Find the line holding "JAM TANGAN SMARTWATCH" in the entries below. Give it again exactly, along with every line after it up to and including the line holding "Elfrea™ - New".

Records to use:

---

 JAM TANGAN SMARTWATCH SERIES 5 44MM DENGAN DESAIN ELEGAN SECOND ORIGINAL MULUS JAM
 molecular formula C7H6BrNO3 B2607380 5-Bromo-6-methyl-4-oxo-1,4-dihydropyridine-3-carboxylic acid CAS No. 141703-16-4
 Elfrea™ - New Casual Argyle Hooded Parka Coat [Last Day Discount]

---

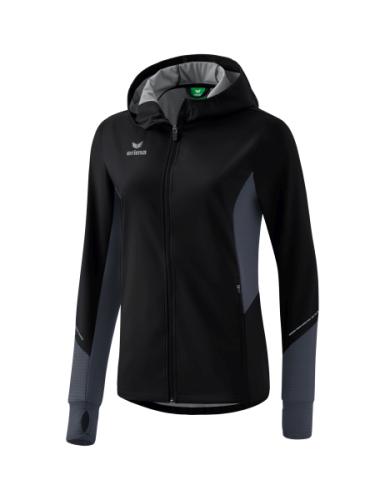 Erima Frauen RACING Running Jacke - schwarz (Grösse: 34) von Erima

---

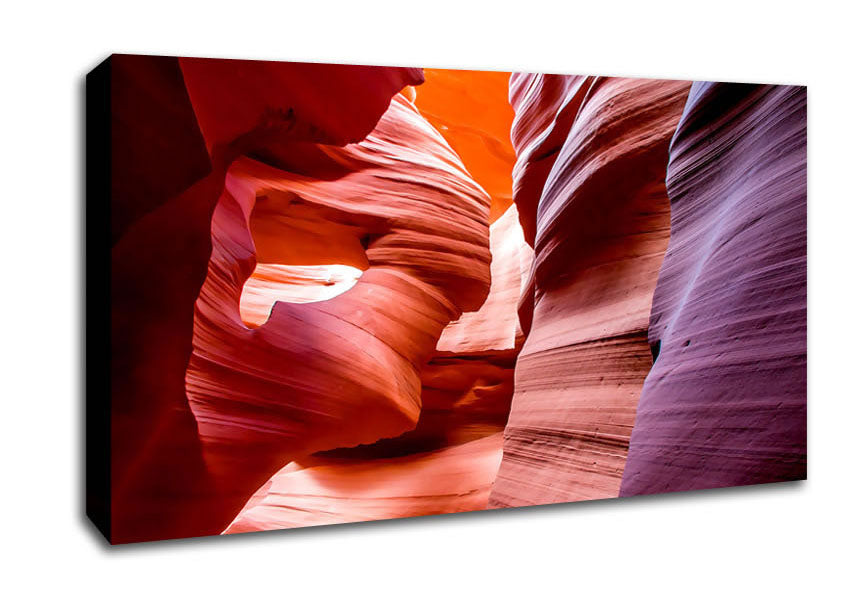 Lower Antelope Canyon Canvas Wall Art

---

Output:
 JAM TANGAN SMARTWATCH SERIES 5 44MM DENGAN DESAIN ELEGAN SECOND ORIGINAL MULUS JAM
 molecular formula C7H6BrNO3 B2607380 5-Bromo-6-methyl-4-oxo-1,4-dihydropyridine-3-carboxylic acid CAS No. 141703-16-4
 Elfrea™ - New Casual Argyle Hooded Parka Coat [Last Day Discount]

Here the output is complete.